Top of Input data

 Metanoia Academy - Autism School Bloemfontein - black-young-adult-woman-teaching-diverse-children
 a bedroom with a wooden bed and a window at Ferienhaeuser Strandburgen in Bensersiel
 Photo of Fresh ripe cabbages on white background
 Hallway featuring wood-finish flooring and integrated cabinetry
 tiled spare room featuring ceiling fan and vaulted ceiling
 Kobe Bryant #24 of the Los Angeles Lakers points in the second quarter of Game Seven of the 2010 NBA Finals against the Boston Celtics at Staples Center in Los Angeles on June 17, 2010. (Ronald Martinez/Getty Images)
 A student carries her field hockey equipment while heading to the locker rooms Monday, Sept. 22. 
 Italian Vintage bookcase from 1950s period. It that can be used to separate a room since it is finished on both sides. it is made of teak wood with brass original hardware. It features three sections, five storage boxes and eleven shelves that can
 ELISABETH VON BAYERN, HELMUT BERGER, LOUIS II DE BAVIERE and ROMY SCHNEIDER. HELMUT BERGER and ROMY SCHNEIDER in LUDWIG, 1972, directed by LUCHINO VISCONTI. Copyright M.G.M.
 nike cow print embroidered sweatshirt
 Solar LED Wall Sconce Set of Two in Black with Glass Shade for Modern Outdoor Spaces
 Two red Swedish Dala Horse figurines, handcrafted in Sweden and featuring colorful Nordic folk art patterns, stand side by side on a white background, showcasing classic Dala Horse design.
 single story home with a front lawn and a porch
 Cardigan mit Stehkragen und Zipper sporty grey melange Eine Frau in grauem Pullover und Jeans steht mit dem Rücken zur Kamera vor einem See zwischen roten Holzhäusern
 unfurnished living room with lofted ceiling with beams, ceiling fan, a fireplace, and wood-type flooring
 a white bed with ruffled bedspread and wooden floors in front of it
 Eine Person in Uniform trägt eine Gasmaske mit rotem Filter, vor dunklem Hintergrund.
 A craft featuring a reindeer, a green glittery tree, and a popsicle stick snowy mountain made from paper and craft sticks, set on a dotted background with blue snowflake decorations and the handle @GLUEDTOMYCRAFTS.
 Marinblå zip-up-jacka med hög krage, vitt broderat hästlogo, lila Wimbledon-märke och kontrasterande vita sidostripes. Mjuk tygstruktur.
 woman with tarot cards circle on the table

Bottom of Input data

§ **Work to complete**
The entries above are to be transcribed in full and without error.

§ **Result for this task**
 Metanoia Academy - Autism School Bloemfontein - black-young-adult-woman-teaching-diverse-children
 a bedroom with a wooden bed and a window at Ferienhaeuser Strandburgen in Bensersiel
 Photo of Fresh ripe cabbages on white background
 Hallway featuring wood-finish flooring and integrated cabinetry
 tiled spare room featuring ceiling fan and vaulted ceiling
 Kobe Bryant #24 of the Los Angeles Lakers points in the second quarter of Game Seven of the 2010 NBA Finals against the Boston Celtics at Staples Center in Los Angeles on June 17, 2010. (Ronald Martinez/Getty Images)
 A student carries her field hockey equipment while heading to the locker rooms Monday, Sept. 22. 
 Italian Vintage bookcase from 1950s period. It that can be used to separate a room since it is finished on both sides. it is made of teak wood with brass original hardware. It features three sections, five storage boxes and eleven shelves that can
 ELISABETH VON BAYERN, HELMUT BERGER, LOUIS II DE BAVIERE and ROMY SCHNEIDER. HELMUT BERGER and ROMY SCHNEIDER in LUDWIG, 1972, directed by LUCHINO VISCONTI. Copyright M.G.M.
 nike cow print embroidered sweatshirt
 Solar LED Wall Sconce Set of Two in Black with Glass Shade for Modern Outdoor Spaces
 Two red Swedish Dala Horse figurines, handcrafted in Sweden and featuring colorful Nordic folk art patterns, stand side by side on a white background, showcasing classic Dala Horse design.
 single story home with a front lawn and a porch
 Cardigan mit Stehkragen und Zipper sporty grey melange Eine Frau in grauem Pullover und Jeans steht mit dem Rücken zur Kamera vor einem See zwischen roten Holzhäusern
 unfurnished living room with lofted ceiling with beams, ceiling fan, a fireplace, and wood-type flooring
 a white bed with ruffled bedspread and wooden floors in front of it
 Eine Person in Uniform trägt eine Gasmaske mit rotem Filter, vor dunklem Hintergrund.
 A craft featuring a reindeer, a green glittery tree, and a popsicle stick snowy mountain made from paper and craft sticks, set on a dotted background with blue snowflake decorations and the handle @GLUEDTOMYCRAFTS.
 Marinblå zip-up-jacka med hög krage, vitt broderat hästlogo, lila Wimbledon-märke och kontrasterande vita sidostripes. Mjuk tygstruktur.
 woman with tarot cards circle on the table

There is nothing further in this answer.